About this task: Skip the pictures, please, and write out exactly the lines from the opening of the data through the line containing "Het vertrek van".

Data extracted from a collection:
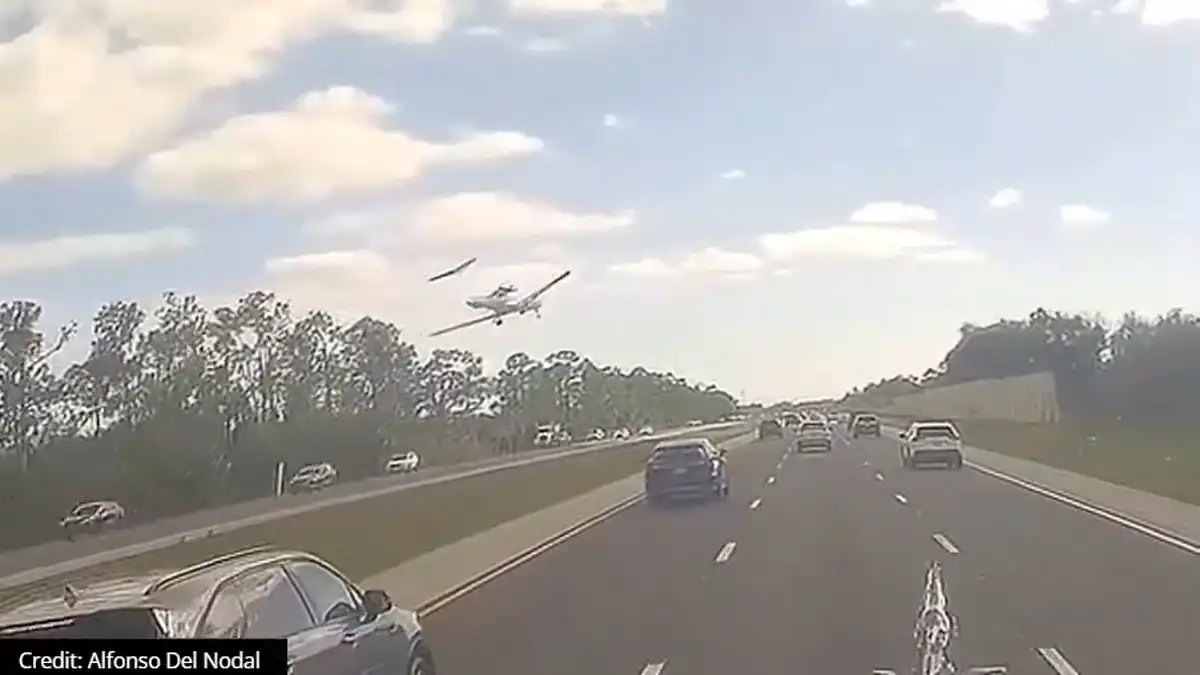 accidente aéreo, autopista de Florida, imágenes espeluznantes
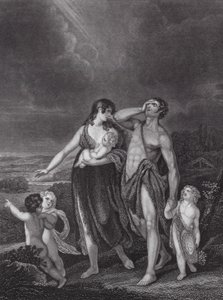 Het vertrek van Kaïn, Genesis, Hoofdstuk 4, vers 16 (gravure) door Henry (after) Singleton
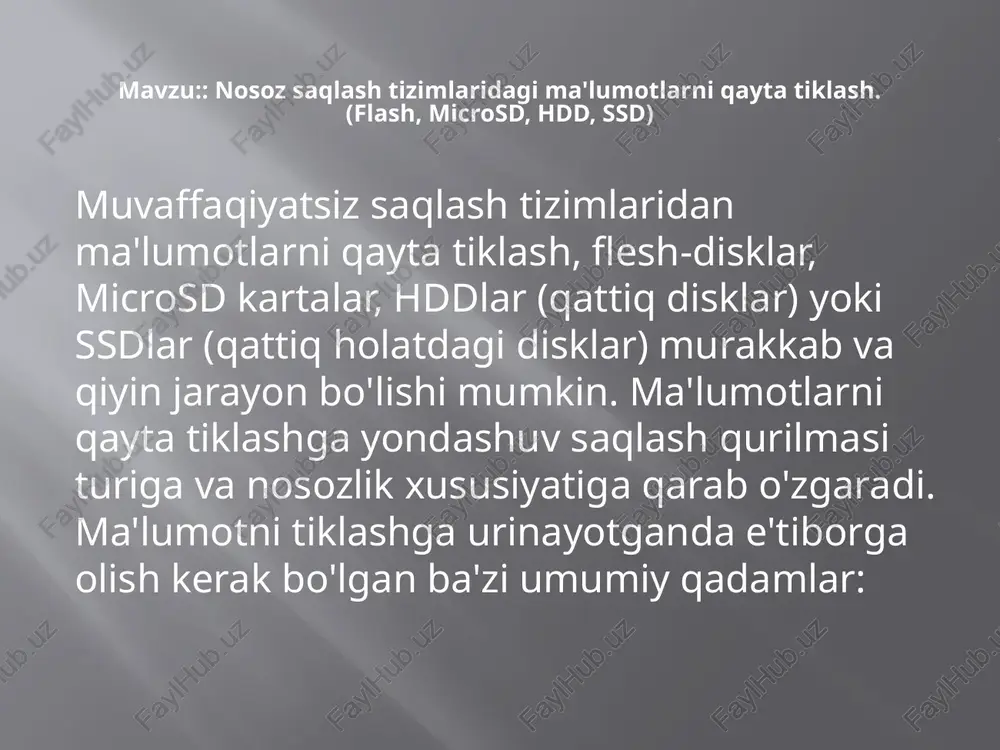 ish: birinchi navbatda ma'lumotlar yo'qotilishining oldini olish uchun ma'lumotlaringizning muntazam zahira nusxalarini olib boring. bu sizning ma'lumotlaringizni himoya qilishning eng samarali usuli. shuningdek, maʼlumotlaringizning zahira nusxalarini yoki oniy suratlarini yaratish uchun maʼlumotlarni tiklash dasturidan faol foydalanishni oʻylab koʻring. profilaktik texnik xizmat: saqlash qurilmalaringizni yaxshi holatda saqlang. nosozliklarga olib kelishi mumkin bo'lgan jismoniy zarbalardan, haddan tashqari haroratlardan va quvvatning keskin o'zgarishidan saqlaning. . hdd va ssd disklari uchun: easeus data recovery wizard, testdisk yoki recuva kabi dasturlar.flash drayvlar va microsd kartalar uchun: photorec yoki disk drill kabi asboblar.ma'lumotlarni skanerlash va tiklash uchun dasturiy ta'minot ko'rsatmalariga amal qilinadi. usb flash drive ma'lumotlarini tiklash fleshli disk bir qurilma va boshqa qurilma o'rtasida fayllarni uzatish uchun keng qo'llaniladigan qurilma bo'lib, ayniqsa, u, masalan, cho'ntak yoki ryukzakda olib yurish ancha oson bo'lgan kichik ob'ekt bo'lgani uchun. agar u tushib ketgan, buzilgan, buzilgan ma'lumotlar, tasodifan formatlangan, virus hujumiga uchragan, platani yoqib yuborgan yoki boshqa muammolarga duch …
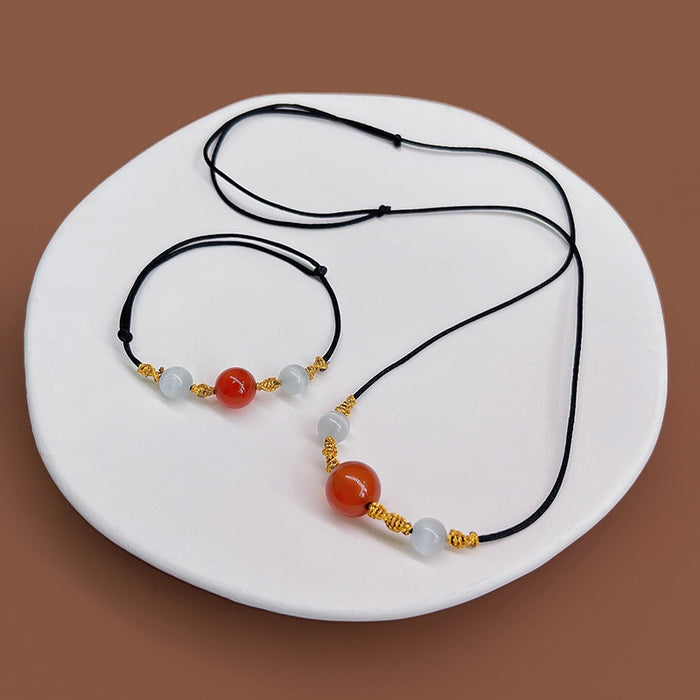 Viral Vintage Acacia Bean Red Agate Pendant Bracelet And Zodiac Year Collarbone Choker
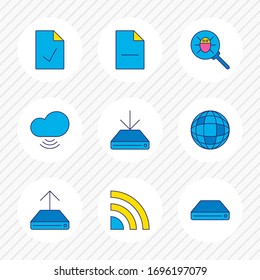 Vector illustration of 9 internet icons colored line. Editable set of checked file, antivirus, delete file and other icon elements.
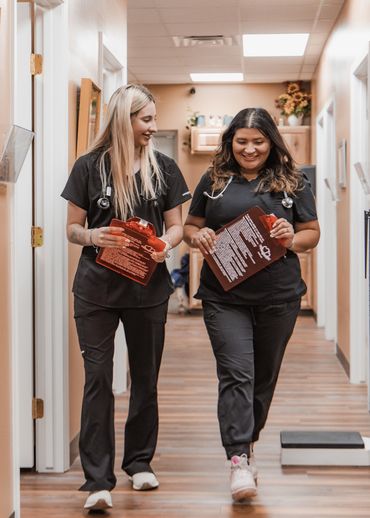 Med spa office nurses ready to provide cosmetic botox and lip filler for patients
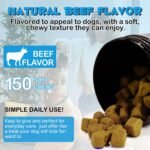 Anal Gland Soft Chews for Dogs, 150PCs Dog Anal Gland Chews with Pumpkin, Digestive Enzyme & Probiotics Support Healthy Bowel Function - Fibre Supplements Soft Chews for Dogs - 13.2oz / Beef Flavor - Image 5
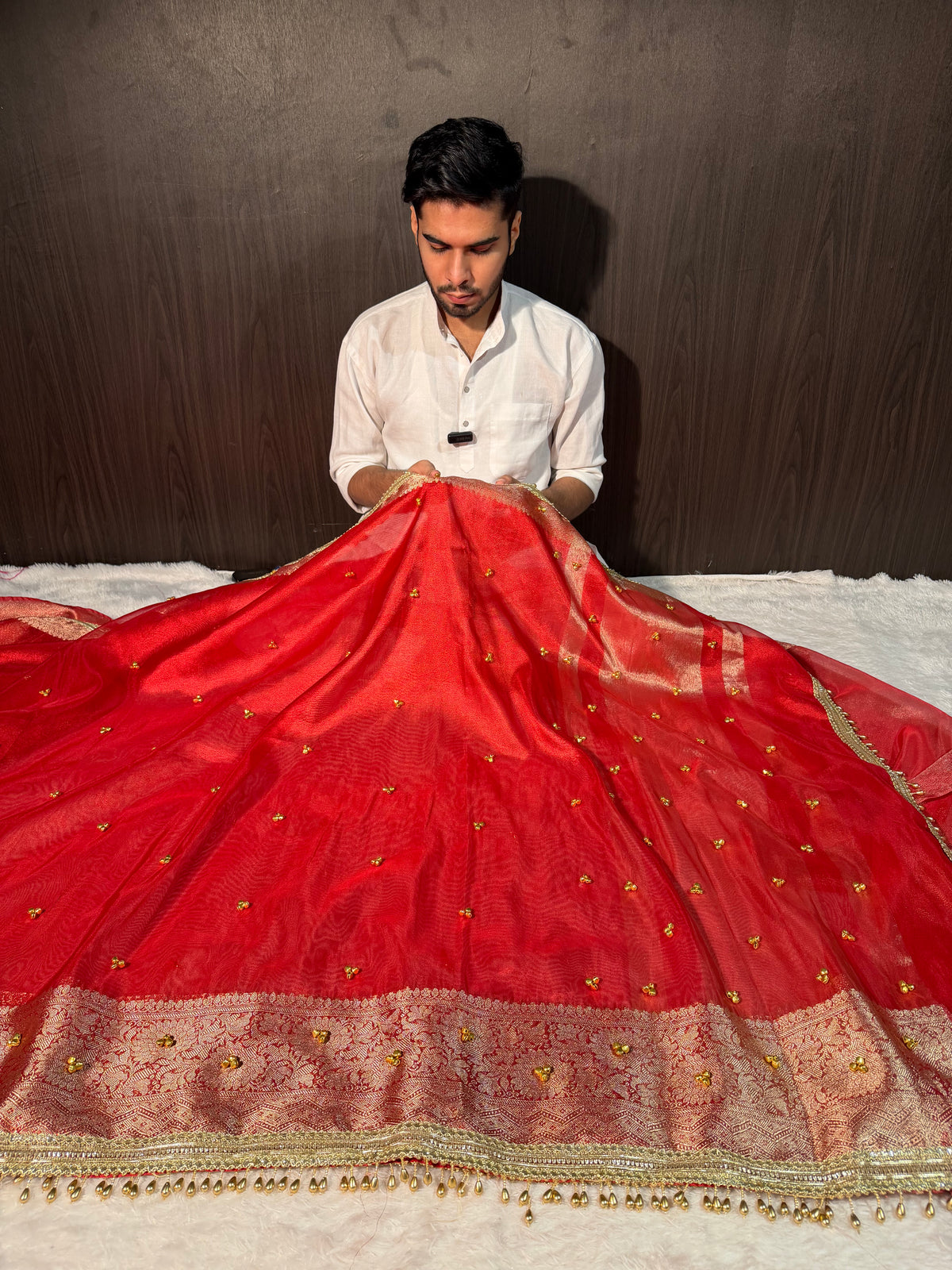 Viral Ghungroo Handwork Bridal Red Premium Tissue Silk Banarasi Saree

Answer for the task:
 accidente aéreo, autopista de Florida, imágenes espeluznantes
 Het vertrek van Kaïn, Genesis, Hoofdstuk 4, vers 16 (gravure) door Henry (after) Singleton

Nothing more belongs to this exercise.